Data extract -
··········
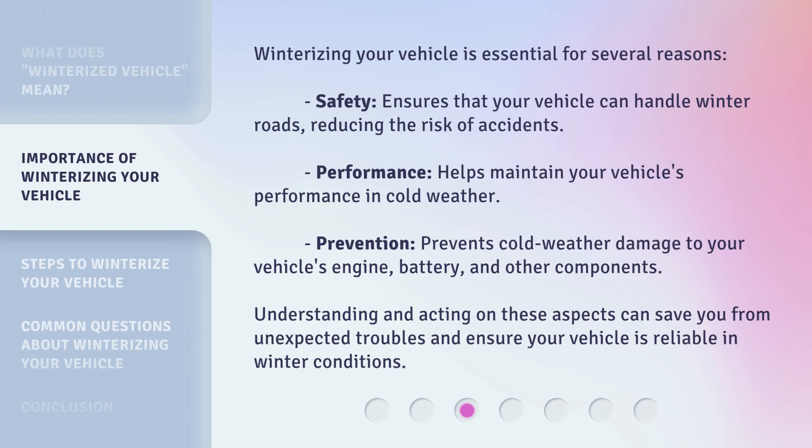Winterizing your vehicle is essential for several reasons. Safety: ensures that your vehicle can handle winter roads, reducing the risk of accidents. Performance: helps maintain your vehicle's performance in cold weather. Prevention: prevents cold weather damage to your vehicle's engine, battery, and other components. Understanding and acting on these aspects can save you from unexpected troubles and ensure your vehicle is reliable in winter conditions.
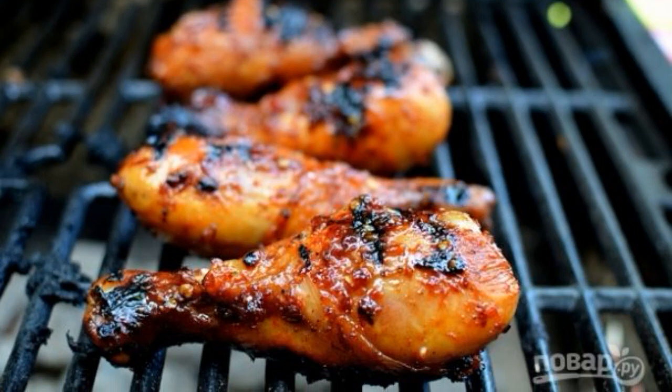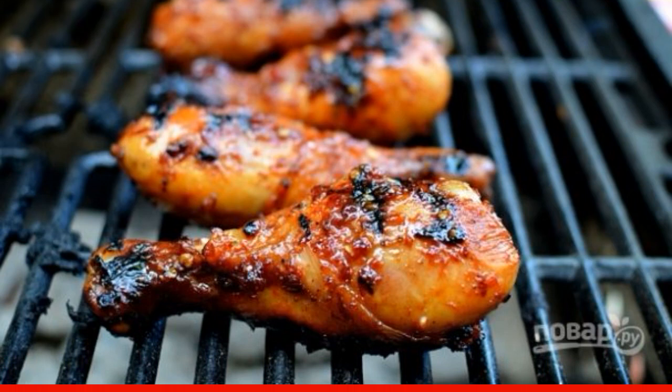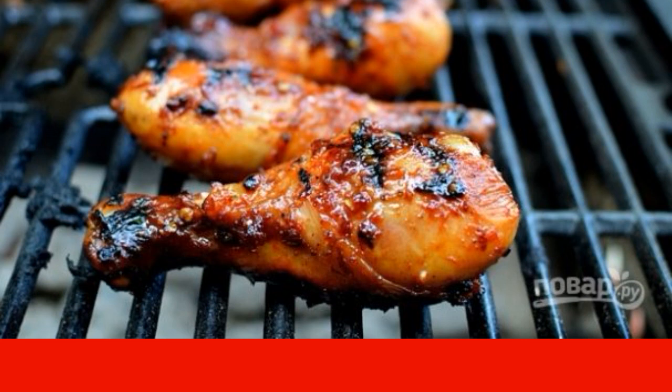Grilled chicken legs are simply delicious, especially in the fresh air, under chilled beer. It's easy to cook this dish, and if it's also chicken, then you won't have to marinate it for a long time.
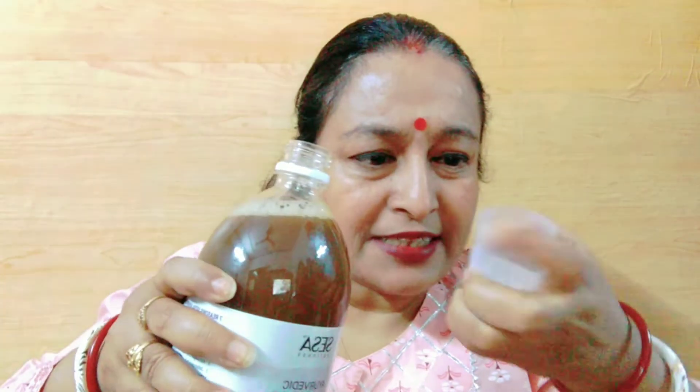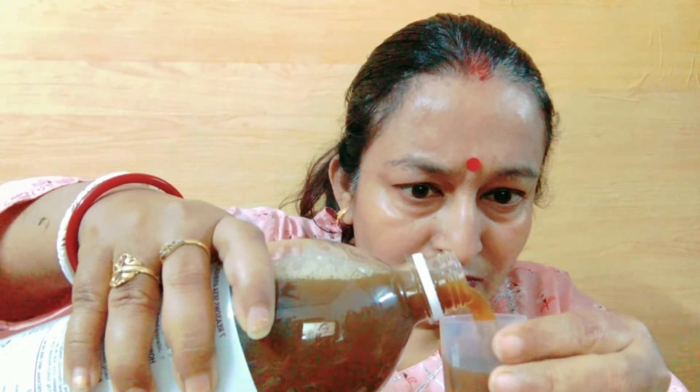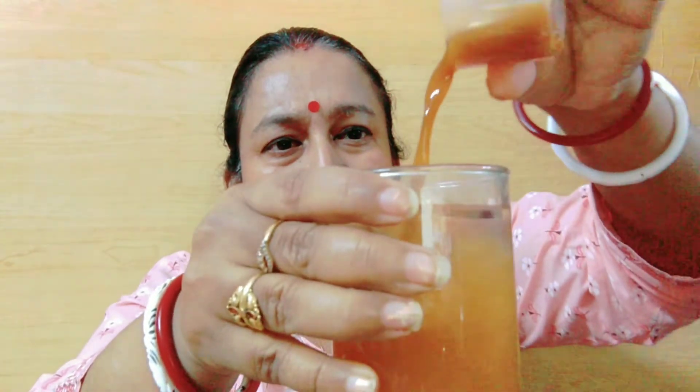I am making a glass with water now and taking 30 ml into it. The smell is very good. The smell is pretty good and the taste is also good — you will be able to drink it without any problem.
··········
The response should consist of the lines above from the first through the one containing "Grilled chicken legs", transcribed exactly, with every picture left out.

Winterizing your vehicle is essential for several reasons. Safety: ensures that your vehicle can handle winter roads, reducing the risk of accidents. Performance: helps maintain your vehicle's performance in cold weather. Prevention: prevents cold weather damage to your vehicle's engine, battery, and other components. Understanding and acting on these aspects can save you from unexpected troubles and ensure your vehicle is reliable in winter conditions.
Grilled chicken legs are simply delicious, especially in the fresh air, under chilled beer. It's easy to cook this dish, and if it's also chicken, then you won't have to marinate it for a long time.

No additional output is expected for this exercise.